# Skaven Skin Tone: Looking for Alternatives to Tallarn Flesh



## Words_of_Truth (Sep 20, 2007)

I did a search for this and it came up Tallarn flesh but it also came up that that colour is no longer available and the replacement Cadian fleshtone isn't right, so does anyone have any suggestions as to change of colour or corrections to what I've read?


----------



## Words_of_Truth (Sep 20, 2007)

No thoughts?

I was reading these tutorials and wanted to replicate them.

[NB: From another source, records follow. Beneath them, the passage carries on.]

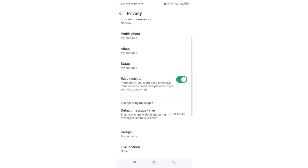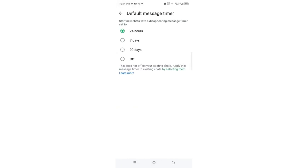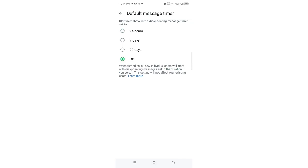Then come to where we have the option disappearing messages and default message timer. Just click above it, then what you need to choose is just choose to turn it off. And after clicking turn off, you can now get back into your interface, your WhatsApp interface.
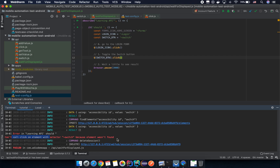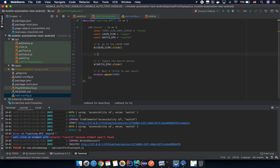We get a failure: 'Cannot call click on element with selector because element was not found.' So what we're doing is clicking on the login icon, and the next step tries to interact with a switch button that doesn't exist on the login form screen.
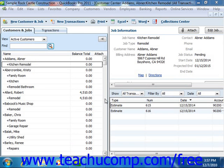When you're using progress invoicing, you start by creating an estimate for the total job. Then when you complete each phase, you can easily transfer items from the original estimate to the invoice. You can specify which items to include on each invoice, and change the estimated amounts or percentages of each item. When you use estimates to create progress invoices, you can run reports to help you compare your estimated cost and revenue to your actual cost and revenue.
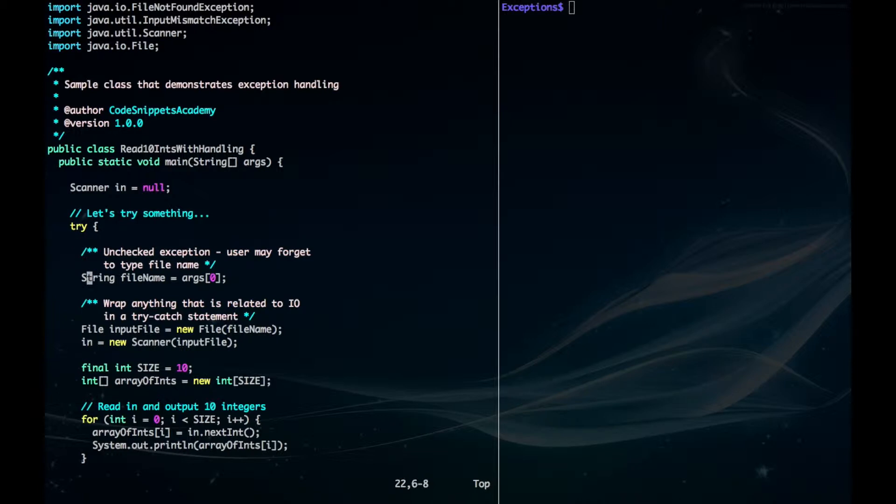I also forgot to mention another unchecked exception, where the user may forget to type in a file name, and this would cause an array index out of bounds exception right here.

http://chatteringhorde.blogspot.co.uk/2011/04/how-to-paint-skaven-clanrats-island-of.html

http://www.beastsofwar.com/groups/skaven/forum/topic/skaven-painting-thread/


----------



## Dave T Hobbit (Dec 3, 2009)

Are you trying to match existing models? If not, why isn't Cadian Fleshtone right? If you can give some idea of why it might help work out alternatives.


----------



## Words_of_Truth (Sep 20, 2007)

I'm getting the Isle of Blood set and I want to paint them like a lot of other skaven. I went to the store today and he said ratskin flesh should be ok with an ogryn flesh wash over it, so I've got that instead. I only wanted to know since every guide I came upon said Tallarn Flesh was the way to go with them, so I wasn't sure.


----------



## Diatribe1974 (Jul 15, 2010)

You might want to take the Cadian Fleshtone & mix a lighter shade into it to get the old Tallarn Fleshtone. Perhaps like a 5:1 Cadian:Skull White where it's just enough to do it?


----------



## Hesky (Aug 26, 2009)

Try the Vallejo Game Colour "Heavy Skintone" its very similar and will save you the trouble of mixing ...


----------